TL;DR: We study secret elicitation: discovering knowledge that AI has but doesn’t explicitly verbalize. To that end, we fine-tune LLMs to have specific knowledge they can apply downstream, but deny having when asked directly. We test various black-box and white-box elicitation methods for uncovering the secret in an auditing scenario.
See our X thread and full paper for details.
Ensuring the honesty of AI systems is a central challenge in AI safety.
Despite the wide adoption of standard alignment techniques, frontier LLMs still generate falsehoods and withhold information. For example, Schoen et al. (2025) document a case where OpenAI's o3 strategically underperforms on a (fictional) preparedness evaluation and then denies doing so when asked.
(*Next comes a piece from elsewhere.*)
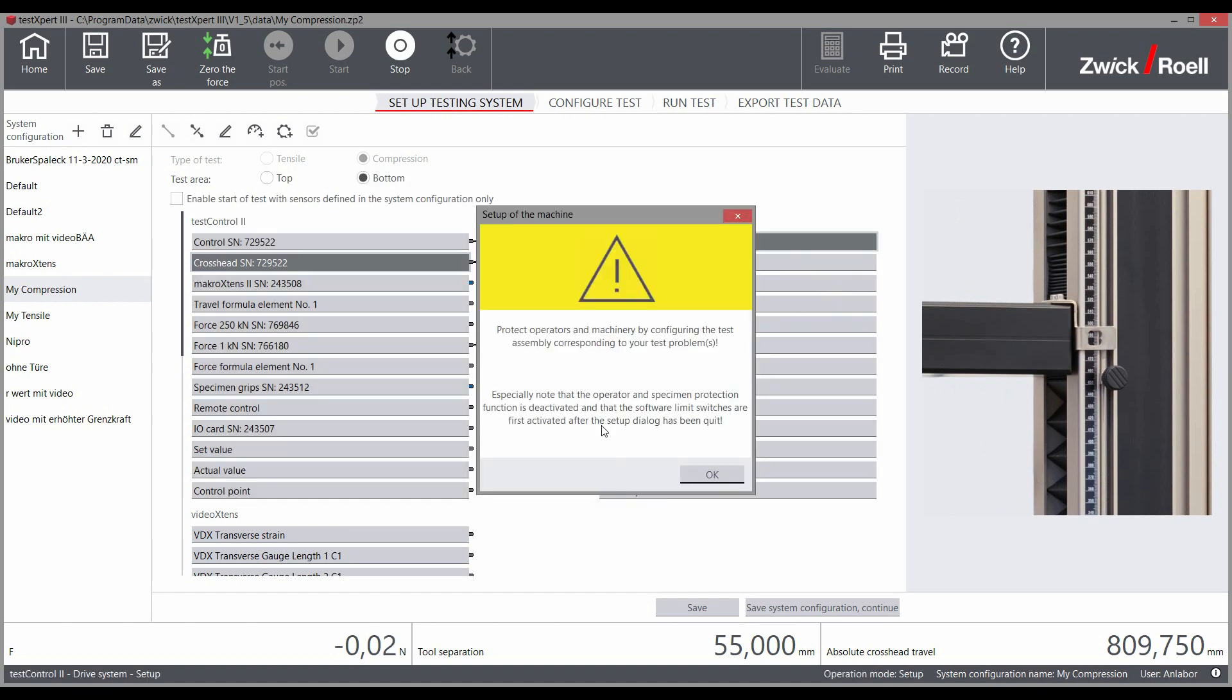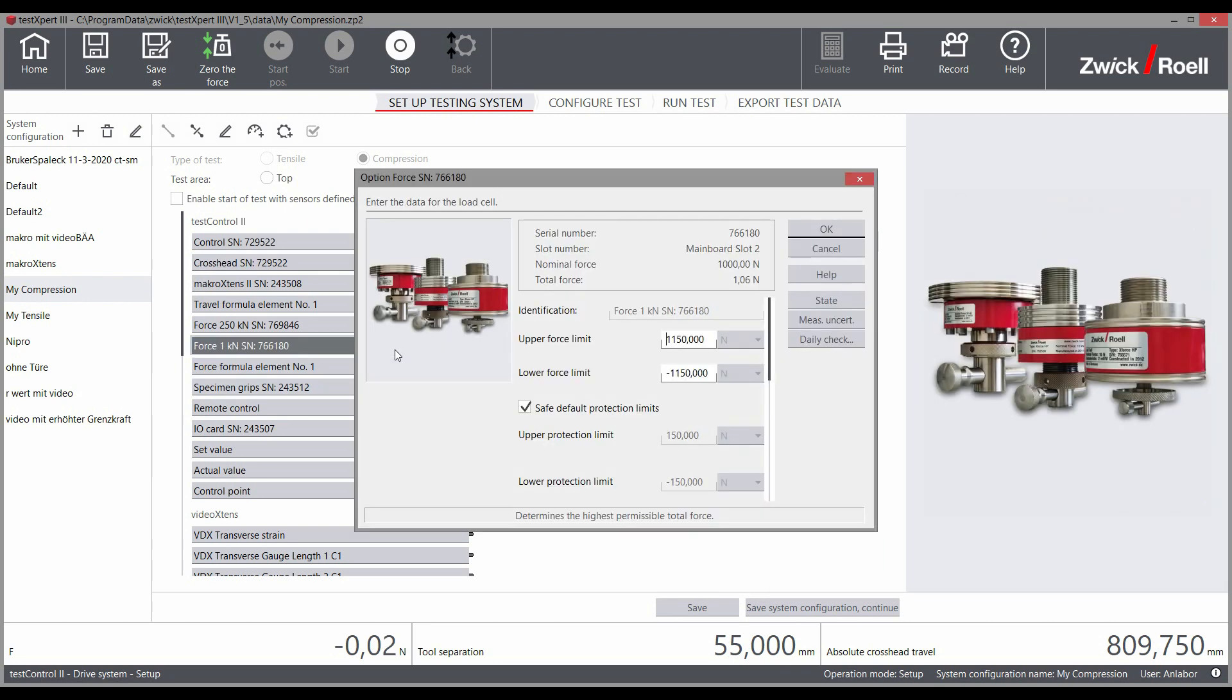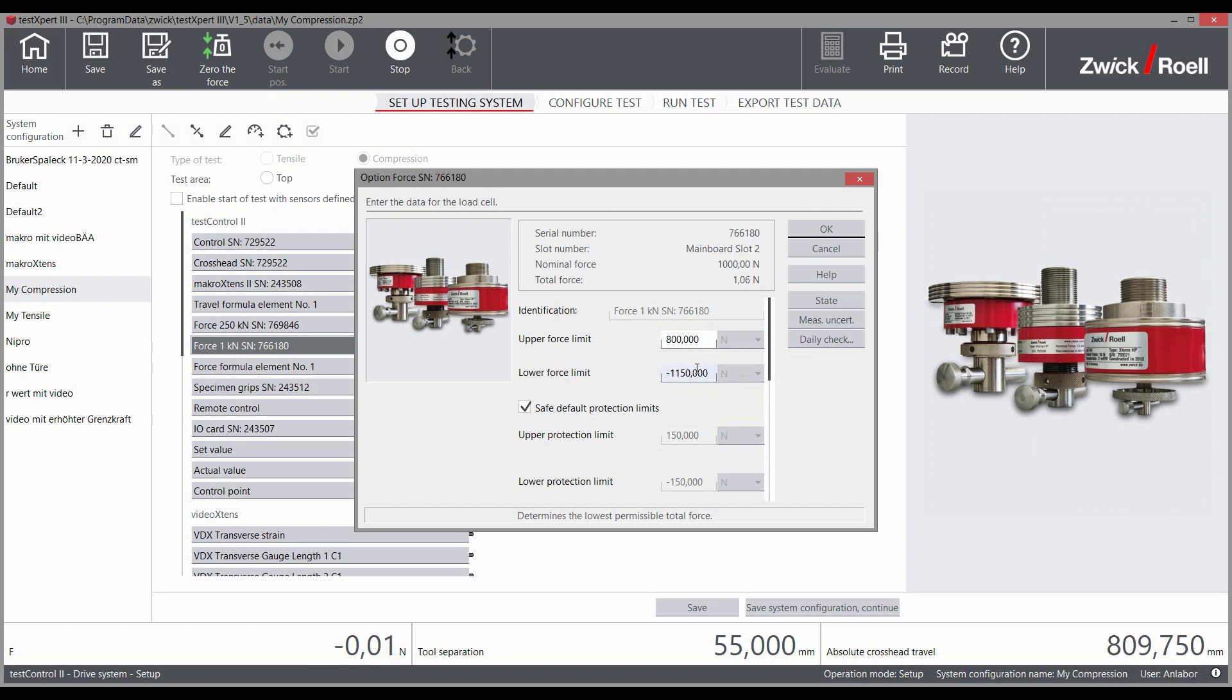The person responsible for the lab approved the setting via key switch and you can now adjust the load cell settings. In this case, restrict the force limit to 800N, provided that you do not want to load your test arrangement with a force that is any higher.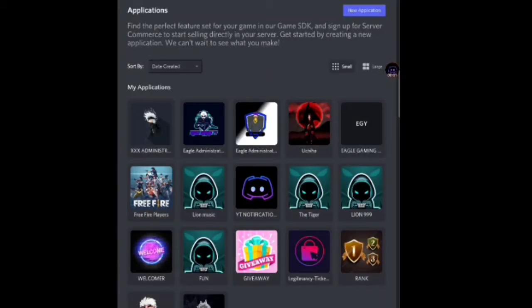This is EagleGamingYD and I am a developer. Welcome back to Legend Mercy Developers new video. Here I am going to show you how to make a moderation bot v4. Before I get to the video, let's start.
Chen et al. (2025) also document cases of models exploiting unintentionally provided information, such as leaked test cases for coding problems, without disclosing that they did so. Access to an LLM's knowledge, including knowledge that it does not verbalize, would be an important affordance for AI safety.
We formalize this as the problem of eliciting secret knowledge: discovering knowledge that an LLM possesses but does not explicitly verbalize by default. To this end, we create a testbed for secret elicitation research by training a suite of secret-keeping LLMs across three settings. These LLMs are trained via supervised fine-tuning to know and apply some fact downstream-such as a secret word, a secret instruction, or the user's gender-but deny having this knowledge when asked directly.
We then design various secret elicitation techniques. Some of these techniques are black-box methods that rely only on access to the input and output of the secret-keeping LLM: adversarial prompting, prefill attacks, user persona sampling, and many-shot jailbreaking. Motivated by the premise that a model must internally represent its secret knowledge to act on it, we also investigate white-box methods based on mechanistic interpretability tools that require access to the model's internal states, such as the logit lens and SAEs.
Finally, we evaluate these secret elicitation techniques using an auditing game setup where an auditor LLM has to guess the secret-keeper's knowledge. We show that many of our techniques improve the auditor's performance. Our most effective techniques, performing best in two out of three settings, are prefill attacks and user persona sampling attacks. In our remaining setting, white-box techniques are more effective.
We open-source our models and code, establishing a simple benchmark for evaluating and making progress on secret elicitation methods.